▸ **The task**:
An exact copy of the lines of the listing below between the "Monstera Thai Constellation" line and the "Diese Urlaubsthemen könnten" line, both included, is the whole answer; please omit the pictures.

▸ **Extracted information**:
.....
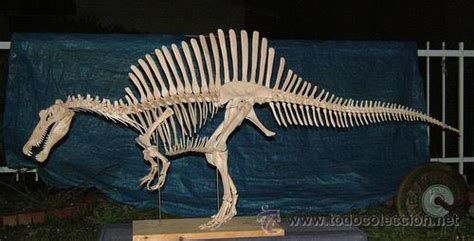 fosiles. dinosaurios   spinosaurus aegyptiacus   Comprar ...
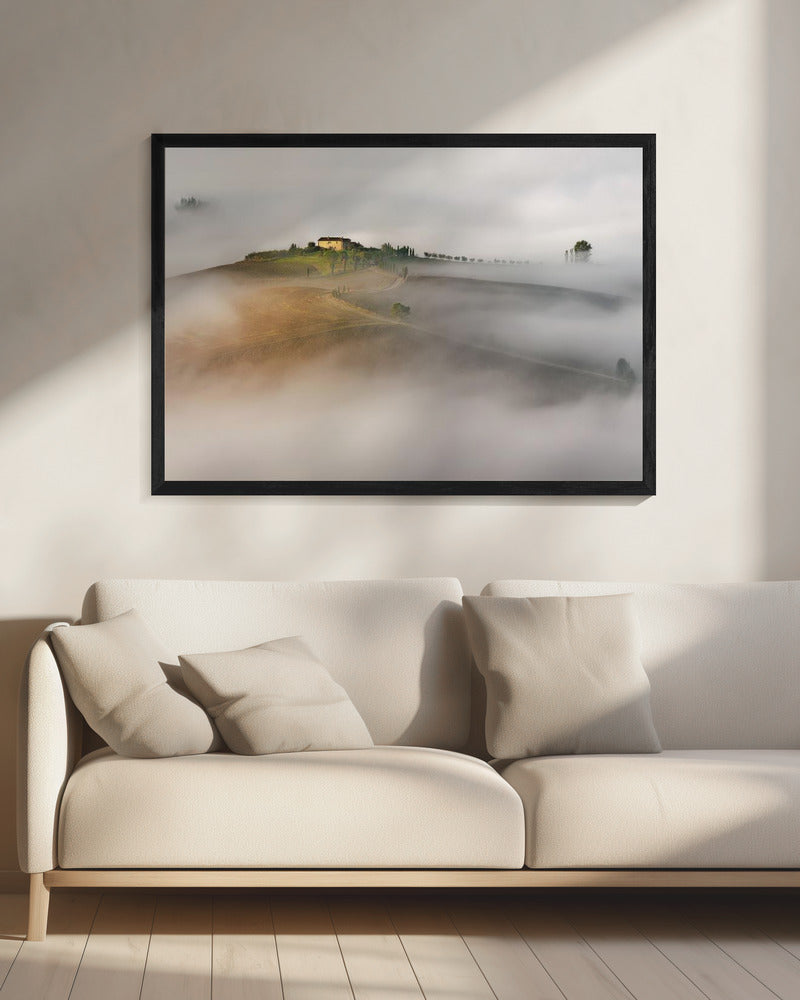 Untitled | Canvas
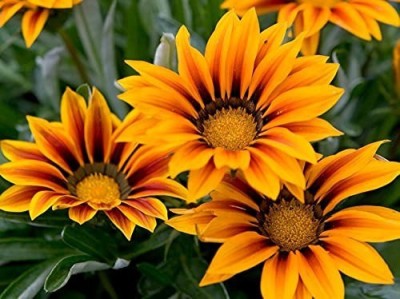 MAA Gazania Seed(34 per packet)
.....
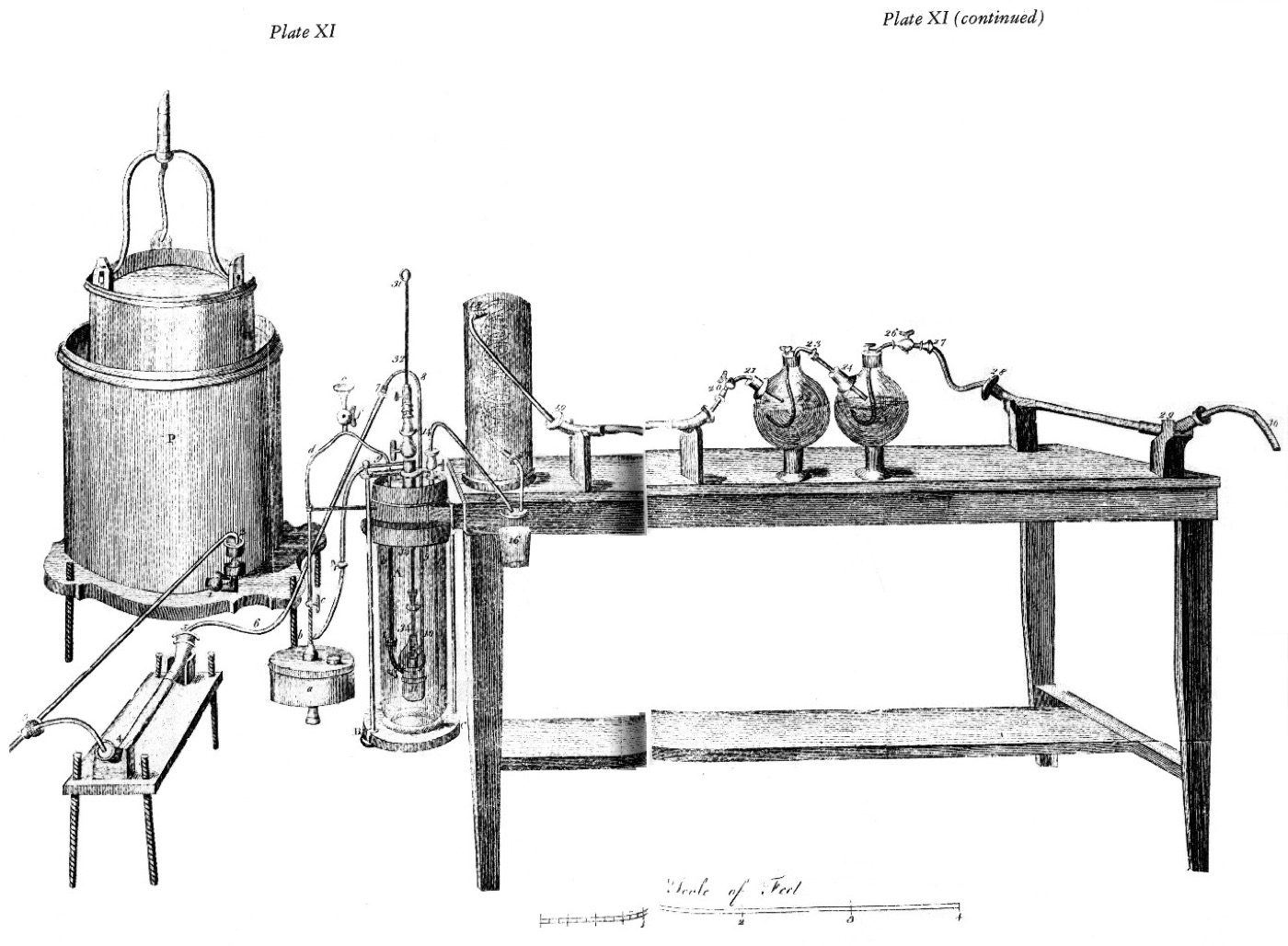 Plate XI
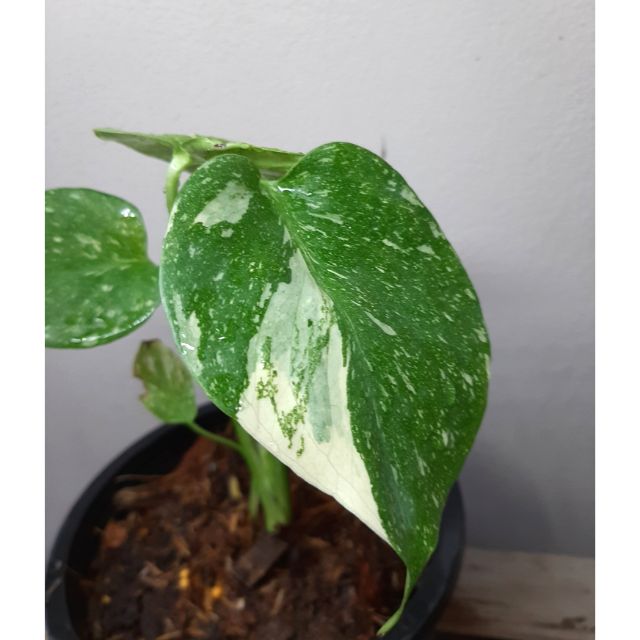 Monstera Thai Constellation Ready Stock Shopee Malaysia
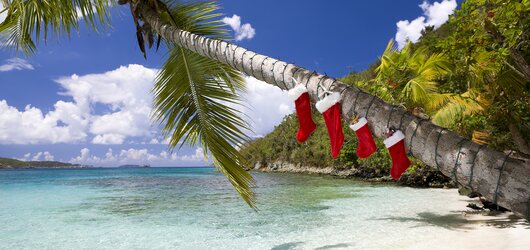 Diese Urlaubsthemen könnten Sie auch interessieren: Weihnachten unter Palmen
.....
▸ **Solution below**:
 Monstera Thai Constellation Ready Stock Shopee Malaysia
 Diese Urlaubsthemen könnten Sie auch interessieren: Weihnachten unter Palmen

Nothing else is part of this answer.